I'm not gonna lie. That freaked me the F out. I wasn't really payin attention than BOOOM.


----------



## leveldrummer (May 27, 2005)

haha merry christmas everyone.


----------



## maxpayne_lhp (Jan 19, 2005)

Hey you >beep< you scare the >beep< out of my >beep<
lol jk
Actually I wasn't looking at the screen so that wasn't really bad...


----------



## Meeocky (Sep 7, 2005)

eh I guess I'm paranoid of things like this.
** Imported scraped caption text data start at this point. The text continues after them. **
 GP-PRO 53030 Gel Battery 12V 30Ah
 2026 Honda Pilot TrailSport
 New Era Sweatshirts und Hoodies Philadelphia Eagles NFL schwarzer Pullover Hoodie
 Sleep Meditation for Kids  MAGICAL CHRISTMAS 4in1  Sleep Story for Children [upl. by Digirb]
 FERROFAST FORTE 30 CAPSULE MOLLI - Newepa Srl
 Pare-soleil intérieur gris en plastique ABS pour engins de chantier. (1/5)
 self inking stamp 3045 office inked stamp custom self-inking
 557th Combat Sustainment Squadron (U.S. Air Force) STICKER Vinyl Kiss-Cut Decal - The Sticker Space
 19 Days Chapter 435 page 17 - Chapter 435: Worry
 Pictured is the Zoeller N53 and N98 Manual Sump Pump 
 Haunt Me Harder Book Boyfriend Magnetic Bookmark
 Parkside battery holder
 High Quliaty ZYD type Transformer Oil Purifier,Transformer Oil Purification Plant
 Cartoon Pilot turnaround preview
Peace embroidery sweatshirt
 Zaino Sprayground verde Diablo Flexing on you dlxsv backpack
Everytime I have to click a link that requires me to turn up my music, I think it's going to happen, so I just keep the volume low and roll my chair back and see what happens and expect the worst.


----------



## Chazwick (Aug 24, 2005)

LMAO!!!
Same Meeocky  I turn my volume off..and just wait.


----------



## Georgia Peach (Sep 23, 2005)

lmao - Im going to sue someone - lol


----------



## Lexus (Jan 19, 2005)

Ya that freaked me out I closed the window right away


----------



## leveldrummer (May 27, 2005)

Baby_Baby said:


> Omg Whats Going On?


just click the link baby, its not that bad, some one found some satanic messeges when they play jingle bells backwards. the link plays a spot regular, then it plays the same spot backwards and there is all kinds of freaky voices. just click it... dont be a baby, Baby-Baby.


----------



## leveldrummer (May 27, 2005)

bump... cmon baby baby, its not too late, just watch it.


----------



## micstarz (Oct 22, 2005)

LOL! freaky.....

my neighbor was on doorstep and her head nearly rolled off.....


----------



## CVV1 (Oct 7, 2005)

AHHHHHHHHHHHHH!!!!!!!!!!!! You gave me goosebumps. I shoulda saw that coming


----------